This is a story about three baby-loving male rats and how I found out about their gentle ways.
If you breed successive litters of rats so that the first one is weaned a few days before the second one is born, you’ll see the most amazing things happen. When I did this, a small portion of the weaned babies always related to the pinkies as siblings and nested with them, while not competing for milk.
The fuzzies that cuddled with the pinkies were almost exclusively female, but once in a while there was a boy fuzzy who did this too. I kept every single boy that did this, because it was a behavior I wanted to breed for. I wound up with three adult males who loved to cuddle with pinkies. Tragically, this behavior turned out to be harmful.
The pinkies that were being cuddled by the boys were getting their primal need to be loved met, but they weren’t getting milk. Unfortunately, the lactating females didn’t understand that the boys weren’t food givers and didn’t share nests with them. It was this situation that led me to separate the boys from the girls before it was necessary to limit population growth.
A baby’s need to be cuddled is more immediate than its need for food. Perhaps you’ve heard about an animal experiment in which baby monkeys were separated from their mothers. The baby monkeys were put in a cage with two mannequins: one furry, but without milk, and the other a wire frame with milk bottles mounted on it. The baby monkeys clung to the furry mannequin almost all the time, and ventured onto the wire frame only when they were desperately hungry.
As many animal lovers will agree, this was a cruel experiment. I read about it in Scientific American. The scientist who led the experiment and wrote the article lamented the fact that it was socially unacceptable to perform this experiment on human babies. My experiment, on the other hand, had the best interests of the animals in mind. But it turned out to be harmful too.

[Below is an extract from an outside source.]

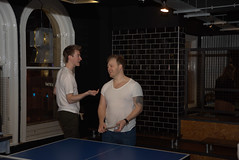 Roxys in Leeds Table Tennis Champs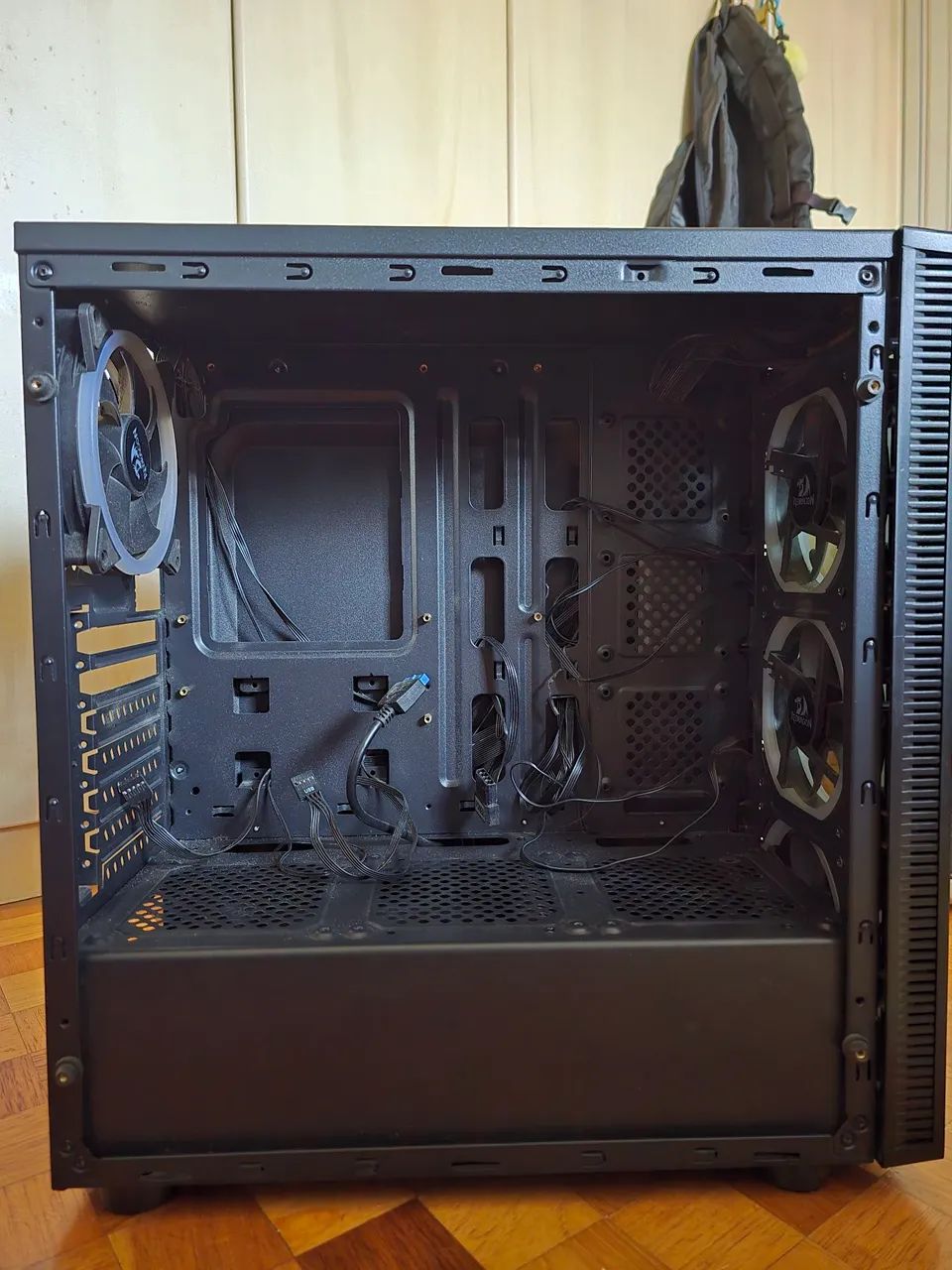 Gabinete Redragon SideSwipe - Foto 3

It’s a heartwarming sight to see a big, burly, wide-headed male rat curled up around a nest full of squirming newborns. I suppose that if there were just one father rat and one mother rat, the babies wouldn’t fall through the cracks. But I had a large mischief (colony) where almost all the girls—even ones who hadn’t gotten pregnant—joined in nursing the little ones. As long a pinkie was being cuddled, the lactating girl rats assumed everything was okay. Sadly, they were wrong.